2. The method for synthesizing monofluoroolefins according to claim 1, characterized in that: the substitution in the substituted or unsubstituted phenyl refers to substitution at any position of the phenyl by one or more of the following groups, the same or different substituents: halogen, methyl, trifluoromethoxy, t-butyl formate, diphenylamino, methoxy, t-butyl, phenyl, phenoxy, methyl formate, neopentyl; the substitution in the substituted or unsubstituted naphthyl refers to substitution at any position of the naphthyl by one or more of the following groups, the same or different substituents: methoxy, benzyloxy, allyloxy; the heteroaryl is selected from quinolinyl, indolyl, benzofuranyl, benzothienyl; the substituted heteroaryl is selected from phenyl substituted thienyl, chlorobenzene substituted thienyl, fluorobenzene substituted furyl; the substitution in the substituted or unsubstituted biaryl refers to substitution at any position of the phenyl group with one or more of the following groups, the same or different substituents: methyl, methoxy, methyl formate, halogen, trifluoromethyl.

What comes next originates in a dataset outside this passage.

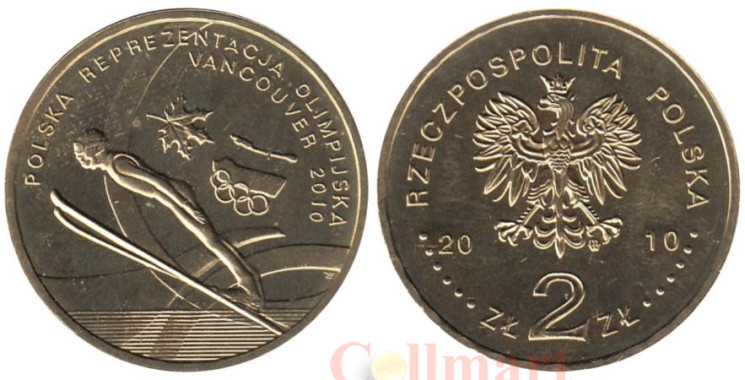  Польша. 2 злотых 2010 год. Польская сборная на XXI зимних Олимпийских играх в Ванкувере. 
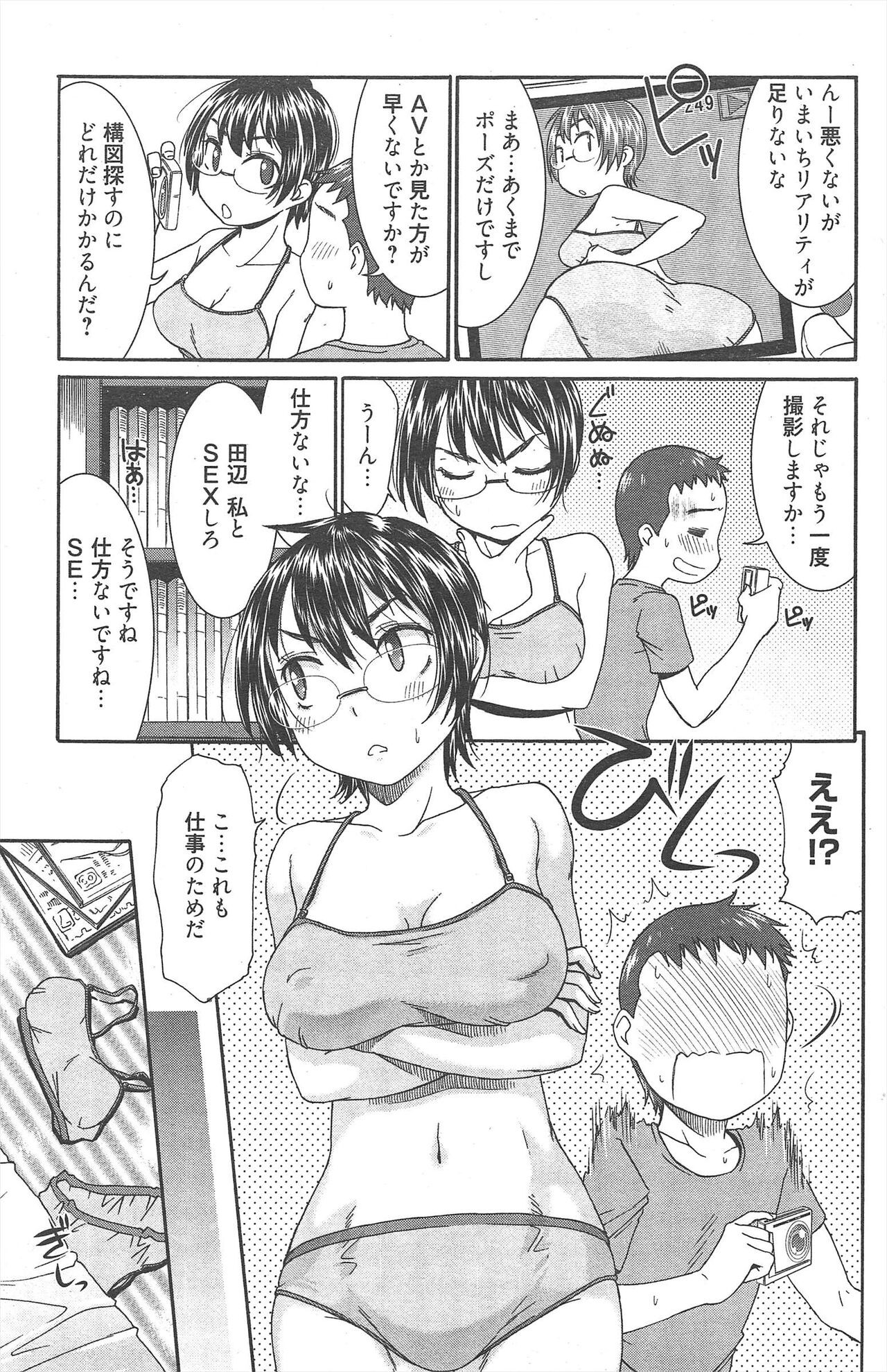 Page 187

3. The method for synthesizing monofluoroolefins according to claim 1, characterized in that: the organic solvent is selected from DMSO, DMF, DCE, THF, dimethylacetamide, ethylene glycol dimethyl ether, toluene, methanol, tert-butyl methyl ether or 1, 4-dioxane.
4. The method for synthesizing monofluoroolefins according to claim 1, wherein the ligand is a compound represented by the following structure:
5. the method for synthesizing monofluoroolefins according to claim 4, wherein: in method a, the ligand is selected from xanaphos; in Process B, the ligand is selected from PPh 3 。
6. The method for synthesizing monofluoroolefins according to claim 1, characterized in that: the molar ratio of the compound 1 to the compound 2 is 1:3; the mol ratio of the compound 4 to the compound 2a is 1:1-2; the molar ratio of the compound 1 or 4, zinc acetate and the ligand is 1:0.1-0.2:0.1-0.2.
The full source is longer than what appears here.